I looked at the A110 when they were released, but im not a fan of a turbo auto in this class of car and I felt it was a poor mans 4C. Plus I vowed never to buy another French car as Japanese build quality is night and day by comparison.
There have been a number of failures in the UK, the USA does seem to suffer more but I suspect thats all down to there being more cars and more of which are trackday and autocross driven. Mine runs the BBR Turbo and i had Mazda change it from a v1 to a v5 which i run on 75w140, so far so good but never say never.
The newer cars were tuned to deliver torque differently to avoid the gearbox destroying itself, rather than the gearbox being ‘sorted’, ND2 failures still happen though and there is even a report of a 2020 gearbox having failed.
So did yours fail? or did you get it changed incase it did? The only one I remember hearing about was Roddisons, not saying they don’t fail just that I haven’t seen many reported in the UK.
Up to 3000rpm the torque curve is the same, the nd2 has more torque for the rest of the rev range.
No, i got it replaced because I knew I was turbo’ing the car. I know of atleast 3 cases of failures within the UK.

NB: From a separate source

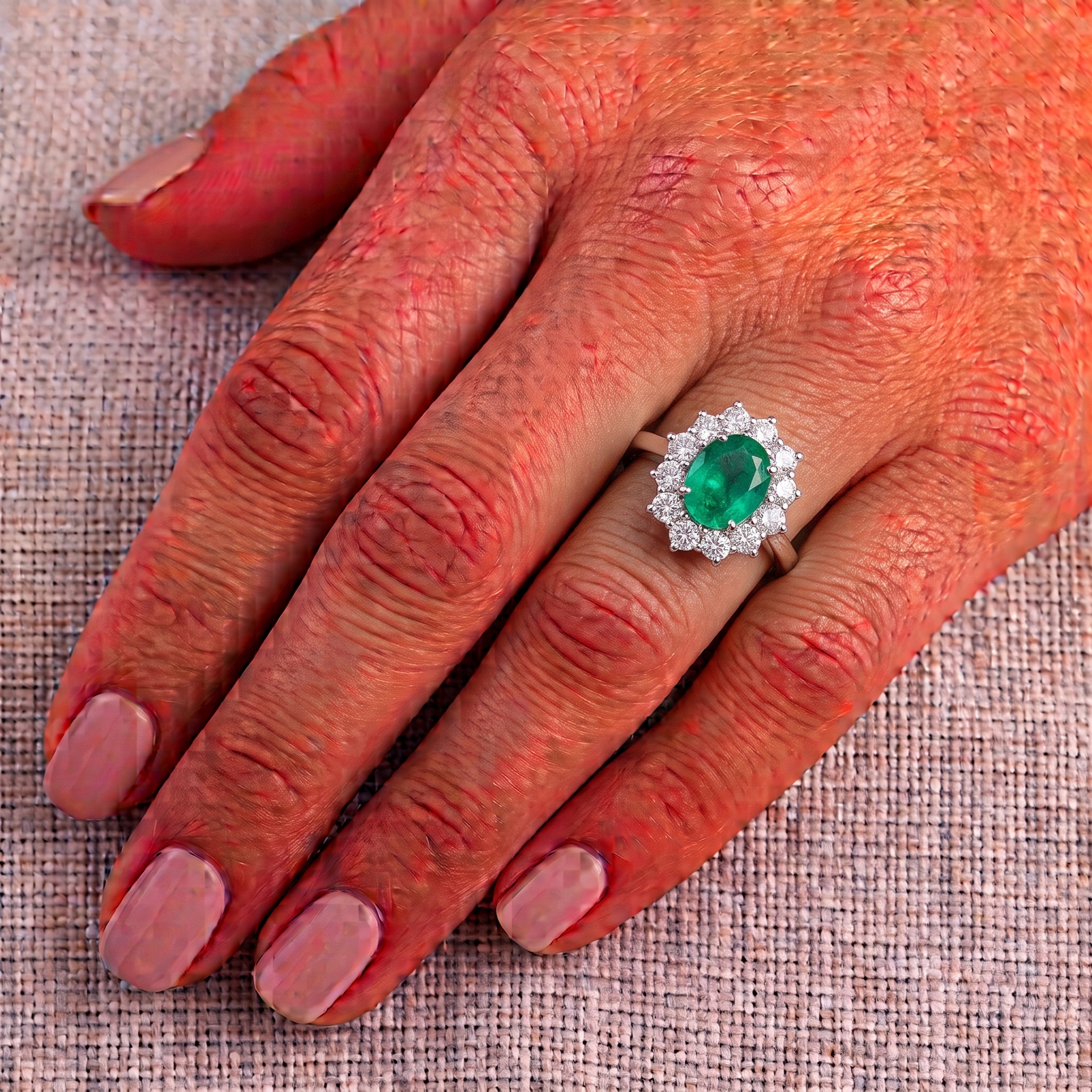 anello-smeraldo-2-carati-indossato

Mazda will be around a lot longer as there will be more spares, tougher and easier to fix and the Alpine will be a garage Queen.

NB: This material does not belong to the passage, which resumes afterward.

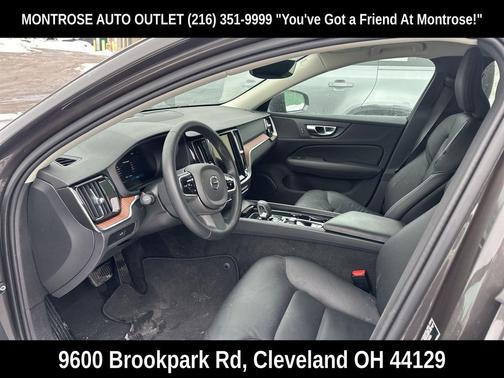 2025 Volvo V60 Cross Country Plus, B5 AWD Gas (mild hybrid)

I would also like a Capri.
How do you find the turbo? And is the gearbox holding up to the extra power and torque? Interesting that there have been a few failures in the UK, I was kind of hoping the reason there were problems in the states was because of their lack of manuals, there seems to be an awful lot of questions on Miata.net about basic gear changing technique that I have never heard on any UK car forums.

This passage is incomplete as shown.